Or to easily filter the records. Here we will subset the data for five core vaccines and a subset of time points.
# subset the records by vaccine and year for all countries
dat <- ic_filter(dat,
vaccine = c("DTP1", "DTP3", "MCV1", "MCV2", "PCV3"),
time = 2000:2018)
# cross-tabulations of source and vaccine
table(dat$coverage_category, dat$antigen)
#>
#> DTP1 DTP3 MCV1 MCV2 PCV3
#> admin 3020 3376 3320 2056 936
#> official 3061 3508 3489 1997 967
#> survey 594 643 637 56 163
Other specialised methods are available to filter out records for a country after the year of national introduction.
# subset records based on year of vaccine introduction
dat <- filter_yovi(dat)
table(dat$year, dat$antigen) # notice year of introduction for PCV3
#>
#> DTP1 DTP3 MCV1 MCV2 PCV3
#> 2000 310 377 353 14 0
#> 2001 291 353 345 112 0
#> 2002 281 350 340 112 0
#> 2003 302 378 368 127 0
#> 2004 343 396 398 148 2
#> 2005 369 420 416 166 2
#> 2006 341 385 384 166 3
#> 2007 372 419 421 190 8
#> 2008 351 391 385 187 12
#> 2009 359 401 398 200 28
#> 2010 357 402 398 207 68
#> 2011 374 411 408 215 89
#> 2012 373 416 414 231 136
#> 2013 363 394 394 243 165
#> 2014 365 398 393 254 194
#> 2015 367 398 397 286 234
#> 2016 378 411 408 301 261
#> 2017 396 421 420 322 287
#> 2018 383 406 406 336 283
Some further pre-processing of immunization data has been found to be necessary in preparation for the statistical modelling. We introduce functions to make it easy to carry out these steps.
Firstly, some records observe inconsistencies in the levels of coverage between multi-dose vaccines. To maintain consistency, where coverage of later doses cannot exceed earlier doses, we model the ratio between first and third dose. In this example, we only adjust DTP1 and DTP3, but other multi-dose vaccines could be processed in a similar manner.
# adjustment - use ratio for DTP3
dat <- ic_ratio(dat, numerator = 'DTP3', denominator = 'DTP1')
The ic.df
object will now store a note that this processing step has been carried out so that the ratio is back-transformed and that coverage estimates and predictions are adjusted appropriately.

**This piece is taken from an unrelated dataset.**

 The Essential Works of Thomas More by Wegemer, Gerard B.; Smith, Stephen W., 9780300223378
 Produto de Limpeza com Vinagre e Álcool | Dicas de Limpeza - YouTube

Secondly, we need to force coverage estimates to lie between 0% and 100%.
# maintain coverage between 0-100%
dat <- ic_adjust(dat, coverage_adj = TRUE)
The core of imcover
is the functionality to fit a Bayesian statistical model of multiple time series. The sources of coverage data (in this example administrative, official and surveys) are taken as multiple, partial estimates of the true, unobserved immunization coverage in a country. A Bayesian estimation approach allows us to incorporate these multiple datasets, place prior beliefs on which sources are more reliable, share information between countries, and to quantify uncertainty in our estimate of the latent immunization coverage.
imcover
provides an interface to Stan
(https://mc-stan.org/) for statistical computation. This means that, in addition to imcover
, many of the tools for assessing model performance and visualizing results from Stan
will work for imcover
results.
In this demonstration will start by fitting a model to a single region of data using ic_fit
by passing in the ic.df
object and several arguments that control the posterior sampling.

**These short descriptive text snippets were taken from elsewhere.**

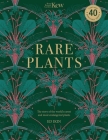 Kew Rare Plants: Forty of the World's Rarest and Most-Endangered Plants Cover Image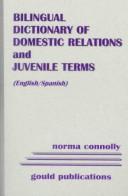 Bilingual dictionary of domestic relations and juvenile terms : English/Spanish /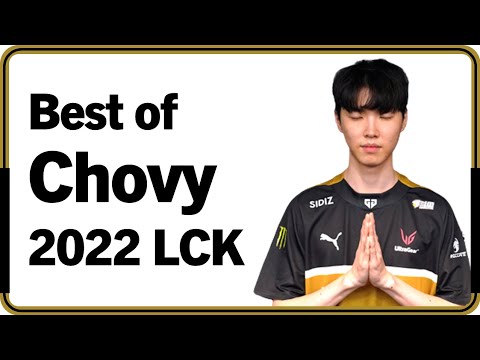 Best of Chovy 2022 LCK Montage｜2022 쵸비 LCK 매드무비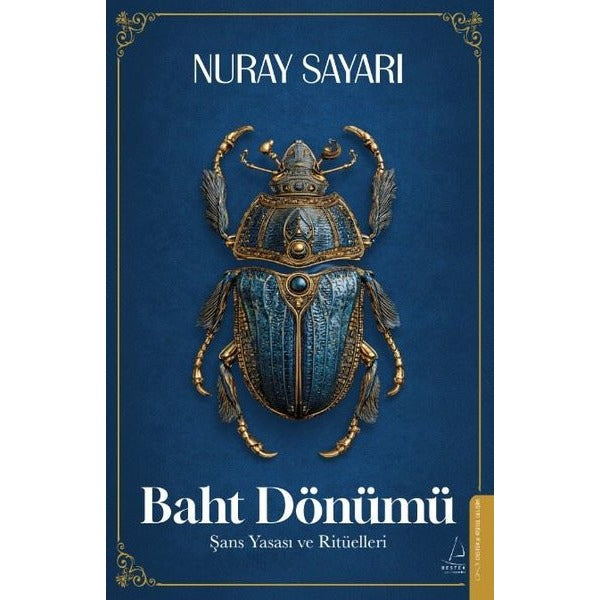 Baht Dönümü - Şans Yasası ve Ritüelleri | Destek Yayınları (İnce Kapak)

options(mc.cores = parallel::detectCores()) # enable parallel processing
# Fit model to a single region of data
fit1 <- ic_fit(dat[dat$region == 'AFRO', ],
chains = 4,
iter = 2000,
warmup = 1000)
After fitting the model, we can work with the parameter estimates and estimates of coverage. For example, we can easily make graphs of coverage estimates. Notice how imcover
has a generic function defined to specially handle objects returned by ic_fit
.
# Plot of coverage
plot(ic_filter(fit1, vaccine = 'DTP1',
country = c('BWA', 'SLE', 'GHA', 'NGA')),
ncol = 2)
The main output of the model is a table of coverage estimates for each country, vaccine, and time point along with uncertainty around each estimate. We can extract these data as a table, save them to a data frame, or write them out to a file for use in a report.

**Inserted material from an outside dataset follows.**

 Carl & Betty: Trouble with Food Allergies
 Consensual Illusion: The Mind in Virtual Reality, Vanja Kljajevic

# Extracting coverage estimates
ic <- ic_coverage(fit1,
stat = "quantile", # customise the summary function
probs = c(0.025, 0.5, 0.975))
head(ic, 10)
#> country time vaccine 2.5% 50% 97.5%
#> mu[1] AGO 2000 DTP1 43.16206 65.09245 79.41213
#> mu[2] AGO 2001 DTP1 34.13583 59.68096 82.58923
#> mu[3] AGO 2002 DTP1 40.38493 66.99820 87.66832
#> mu[4] AGO 2003 DTP1 42.76260 68.12311 87.75516
#> mu[5] AGO 2004 DTP1 46.78410 72.83099 89.71176
#> mu[6] AGO 2005 DTP1 45.44075 72.14182 87.56244
#> mu[7] AGO 2006 DTP1 57.28637 78.51181 90.14268
#> mu[8] AGO 2007 DTP1 75.84889 88.43659 93.76432
#> mu[9] AGO 2008 DTP1 91.22958 96.79864 98.80278
#> mu[10] AGO 2009 DTP1 83.42451 94.24143 97.89507
Once we have the fitted model, we can also use it to predict coverage to time points in the near future.
# Predict for future time points (3 years post 2018)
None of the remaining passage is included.